Pour Jang Ji-sung, l’expérience a été positive. “J’ai rencontré Nayeon, qui m’a appelé avec un sourire, pendant un très court moment, mais c’était un moment très heureux. Je pense que j’ai réalisé le rêve que j’ai toujours voulu”, a-t-elle précisé dans les médias, avant d’ajouter, “peut-être que c’est un vrai paradis”.
Et si, à l’avenir, cette pratique se généralisait grâce à une technologie qui tend à rendre le virtuel de plus en plus réel ? Doit-on laisser des parents endeuillés retrouver leurs enfants disparus ? Quel serait alors l’impact de revoir un être cher décédé sur le processus de deuil ? Certaines personnes ne pourraient-elles pas en devenir dépendantes ?
C’est un risque, surtout avec le perfectionnement de l’intelligence artificielle qui sera de plus en plus autonome au cours des prochaines décennies et qui sera capable de créer de véritables rendez-vous faisant le lien entre le monde virtuel et le réel. Comment ? Grâce à l’exploitation des données personnelles des personnes disparues stockées sur des serveurs dédiés et qui appartiendront à leurs descendants. Un créneau que certaines startups veulent d’ores et déjà vouloir occuper.

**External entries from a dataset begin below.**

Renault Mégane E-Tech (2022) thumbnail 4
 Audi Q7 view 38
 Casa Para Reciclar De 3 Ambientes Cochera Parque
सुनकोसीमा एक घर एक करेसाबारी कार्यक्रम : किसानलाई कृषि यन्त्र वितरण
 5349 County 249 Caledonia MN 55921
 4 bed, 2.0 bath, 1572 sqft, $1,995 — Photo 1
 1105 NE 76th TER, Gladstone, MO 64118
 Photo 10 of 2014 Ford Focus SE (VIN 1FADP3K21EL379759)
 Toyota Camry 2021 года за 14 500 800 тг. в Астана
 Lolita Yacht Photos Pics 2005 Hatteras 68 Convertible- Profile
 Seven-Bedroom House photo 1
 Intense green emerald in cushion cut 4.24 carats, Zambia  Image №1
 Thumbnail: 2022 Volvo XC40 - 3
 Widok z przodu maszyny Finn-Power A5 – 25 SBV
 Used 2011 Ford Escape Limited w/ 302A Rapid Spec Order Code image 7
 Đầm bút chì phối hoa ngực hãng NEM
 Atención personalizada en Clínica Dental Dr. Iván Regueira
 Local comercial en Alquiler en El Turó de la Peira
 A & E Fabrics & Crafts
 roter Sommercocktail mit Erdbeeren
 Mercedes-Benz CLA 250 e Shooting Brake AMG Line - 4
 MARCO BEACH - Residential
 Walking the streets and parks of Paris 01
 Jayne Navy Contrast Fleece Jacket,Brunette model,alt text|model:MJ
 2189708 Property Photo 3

Peu après la diffusion du documentaire sud-coréen, des similitudes entre l’histoire de Jang Ji-sung et celle développée dans un épisode bien précis de la série Black Mirror ont été soulignées dans les médias et sur les réseaux sociaux du monde entier. Dans cet épisode, intitulé “Be right back”, on suit le parcours d’une femme qui tente de gérer, grâce aux nouveaux outils technologiques mis à sa disposition comme l’intelligence artificielle, la perte soudaine et brutale de son compagnon… Les nouvelles technologies transforment toutes les sphères de la société, certaines plus rapidement que d’autres, et la mort n’y fait pas une exception.